While these policies were in effect, on February 21, 2007, a tragic explosion occurred while two of AET’s employees were doing work in an electrical vault in Waterbury, Connecticut. One of the employees was killed in this explosion, while the other sustained injuries. As a result, a lawsuit was filed in federal court in the Eastern District of New York against NUSCO and CL&P, while another lawsuit was filed in the Connecticut Superior Court. See Anchundia v. N.E. Utils. Serv. Co., No. 2:07-cv-0446 (E.D.N.Y.) and Schmukler v. N.E. Utils., No. HHB-CV-09-5011836. Importantly, neither action alleged any negligence by AET; rather, they alleged that the explosion was caused by the acts and omissions of NUSCO and CL&P. Id. at 4. In their answers, NUSCO and CL&P alleged, inter alia, that the explosion was caused by the negligence of others, including the two AET employees. Id.

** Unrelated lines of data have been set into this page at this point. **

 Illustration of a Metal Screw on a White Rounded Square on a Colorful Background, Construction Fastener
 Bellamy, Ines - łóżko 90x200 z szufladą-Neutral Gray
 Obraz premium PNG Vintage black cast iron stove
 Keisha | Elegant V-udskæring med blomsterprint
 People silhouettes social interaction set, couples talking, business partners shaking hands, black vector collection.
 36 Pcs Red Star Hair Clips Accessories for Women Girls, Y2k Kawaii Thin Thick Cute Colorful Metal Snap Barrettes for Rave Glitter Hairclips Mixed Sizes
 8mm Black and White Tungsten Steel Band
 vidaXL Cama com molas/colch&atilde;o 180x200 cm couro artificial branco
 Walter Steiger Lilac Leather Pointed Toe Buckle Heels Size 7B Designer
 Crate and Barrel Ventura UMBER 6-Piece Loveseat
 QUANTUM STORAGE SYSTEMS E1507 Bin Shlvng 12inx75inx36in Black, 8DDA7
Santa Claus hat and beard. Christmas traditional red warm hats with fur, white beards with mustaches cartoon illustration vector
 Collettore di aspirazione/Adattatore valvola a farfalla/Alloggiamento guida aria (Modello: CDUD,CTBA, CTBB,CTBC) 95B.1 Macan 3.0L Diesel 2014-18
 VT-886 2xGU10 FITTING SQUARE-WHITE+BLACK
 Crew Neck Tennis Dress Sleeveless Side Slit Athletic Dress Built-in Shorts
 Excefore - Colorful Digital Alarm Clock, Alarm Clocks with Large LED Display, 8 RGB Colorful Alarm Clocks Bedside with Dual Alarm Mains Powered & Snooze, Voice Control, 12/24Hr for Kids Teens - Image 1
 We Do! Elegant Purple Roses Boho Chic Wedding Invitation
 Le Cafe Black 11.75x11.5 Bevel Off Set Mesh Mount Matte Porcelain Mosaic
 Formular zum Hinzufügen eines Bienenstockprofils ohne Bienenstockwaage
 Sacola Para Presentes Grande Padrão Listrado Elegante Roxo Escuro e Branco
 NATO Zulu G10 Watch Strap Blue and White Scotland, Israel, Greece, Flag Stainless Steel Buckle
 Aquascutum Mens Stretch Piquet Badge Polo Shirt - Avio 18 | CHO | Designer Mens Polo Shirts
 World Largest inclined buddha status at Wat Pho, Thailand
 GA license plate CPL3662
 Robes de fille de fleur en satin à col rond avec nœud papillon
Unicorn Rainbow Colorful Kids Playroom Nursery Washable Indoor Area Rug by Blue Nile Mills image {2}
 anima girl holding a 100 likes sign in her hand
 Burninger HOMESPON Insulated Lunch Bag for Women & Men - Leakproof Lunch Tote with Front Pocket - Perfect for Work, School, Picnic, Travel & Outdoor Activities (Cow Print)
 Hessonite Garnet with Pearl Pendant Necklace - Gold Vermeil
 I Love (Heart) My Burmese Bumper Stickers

Both Utica and St. Paul refused to defend NUSCO and CL&P in response to these complaints. Thereafter, the Anchundia action was settled for $8,000,000 and the Schmukler action was settled for $55,000. Id. Upon moving for summary judgment in the declaratory judgment action, the plaintiffs asserted that due to Utica’s and St. Paul’s breach of the duty to defend and indemnify, they are entitled to recover the legal expenses they incurred in the defense of the underlying actions, as well as the amounts they paid to settle those actions. Id. at 5. The defendants, in turn, argued that there was no coverage under either the Utica or the St. Paul policy. Id. The Court, Haight, J., agreed with Utica and St. Paul entering judgment in their favor.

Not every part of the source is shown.